Ela é uma das dezenas de idosos que fizeram as malas e prepararam seus amados animais de estimação para obedecer o conselho oficial de deixar o leste da Ucrânia.
Desde que a Rússia se retirou do norte do país e sinalizou sua intenção de se concentrar na "libertação" do Donbas no leste, os moradores vivem com medo de um ataque em grande escala.
"Os próximos dias serão, talvez, a última chance de sair", disse na quinta-feira Sergii Gaidai, governador da região de Lugansk, no Donbas.

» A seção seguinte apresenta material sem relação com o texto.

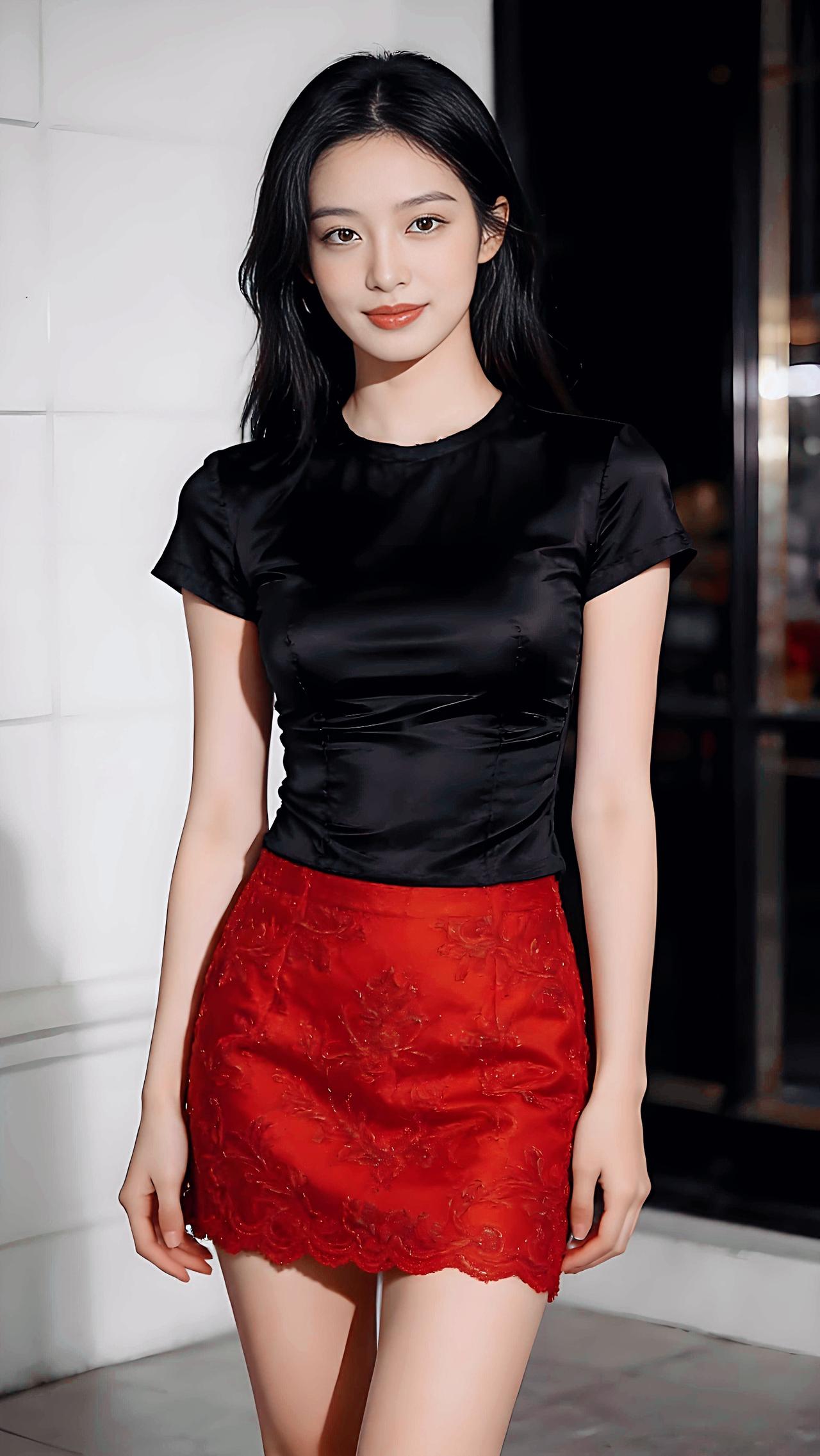 红裙墨衣，尽显雅致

Em Severodonetsk, um antigo ônibus escolar e outro de um clube de futebol transportam moradores para uma pequena estação ferroviária a 10 quilômetros da cidade. Lá, com a ajuda de voluntários, viajam para Sloviansk, a cerca de 60 km de distância, para pegar outro trem e seguir viagem para o oeste.
Cerca de 50 pessoas estão reunidas em frente ao Palácio da Cultura da cidade, uma mistura peculiar entre o cubismo soviético e um templo grego. A imponente estrutura amarela está intacta, mas alguns de seus cristais quebraram.
Não muito longe dali, alguns blocos de apartamentos da década de 1960 foram danificados por estilhaços ou perfurados diretamente por mísseis. Uma loja de esquina está em ruínas.
"Veja o que os foguetes fizeram, os apartamentos destruídos", diz uma senhora, apertando a bolsa contra o peito. "Estamos morando no porão há mais de um mês. Não tenho mais gás, eletricidade ou água. É impossível ficar em casa", acrescenta.
- Antiga joia -
Denis, um homem de quarenta e poucos anos de rosto pálido e magro, garante que a vida na cidade se tornou insuportável.
"Cada dia está pior. As bombas chovem sobre nós. Eu não aguento mais", diz.
"Ainda podemos encontrar pão de manhã. Os voluntários e o exército nos dão comida", acrescenta.
Denis teme que sua cidade acabe como Mariupol, um porto estratégico no sul que foi devastado por semanas de cerco russo.
"Quero escapar deste inferno", declara embora ainda não saiba para onde. "Vou pensar nisso quando não houver mais bombas caindo ao meu redor".
"Por que esta guerra?", pergunta um homem, claramente embriagado. "Shhh," sua esposa sibila, seu rosto tão irritado quanto o do marido.
Outrora joia da região mineradora do Donbas e uma vitrine do comunismo soviético, Severodonetsk, com cerca de 100.000 habitantes antes da guerra, é agora uma cidade cinzenta, com fábricas há muito fechadas e atacadas por mísseis russos.
Quando o ônibus chega, os vizinhos se aglomeram, com as malas na mão. "Não vamos deixar ninguém para trás, não se preocupem", diz o motorista.
As mulheres e as crianças haviam sido retiradas no ônibus anterior.
Alguns civis ainda podem ser vistos nas ruas, sinal de que alguns moradores decidiram ficar na cidade.
"Vou ficar. Ainda tenho gás e eletricidade em casa", diz um idoso, calmo, carregando uma sacola de compras. Como ex-sargento a bordo de um submarino nuclear, ele afirma não ter medo.
Uma van chega para pegar os últimos. "É perigoso ficar, é perigoso andar, é perigoso dirigir", diz o motorista, que tenta agilizar o processo. "Tudo é perigoso aqui!"
Agachados nos prédios ao redor, soldados ucranianos reforçam suas posições e se preparam para lutar nessas ruas.
Uma série de detonações altas são ouvidas não muito longe. Os ucranianos respondem com fogo de artilharia. O descanso no centro da cidade acabou. Os russos vão responder. É hora de ir.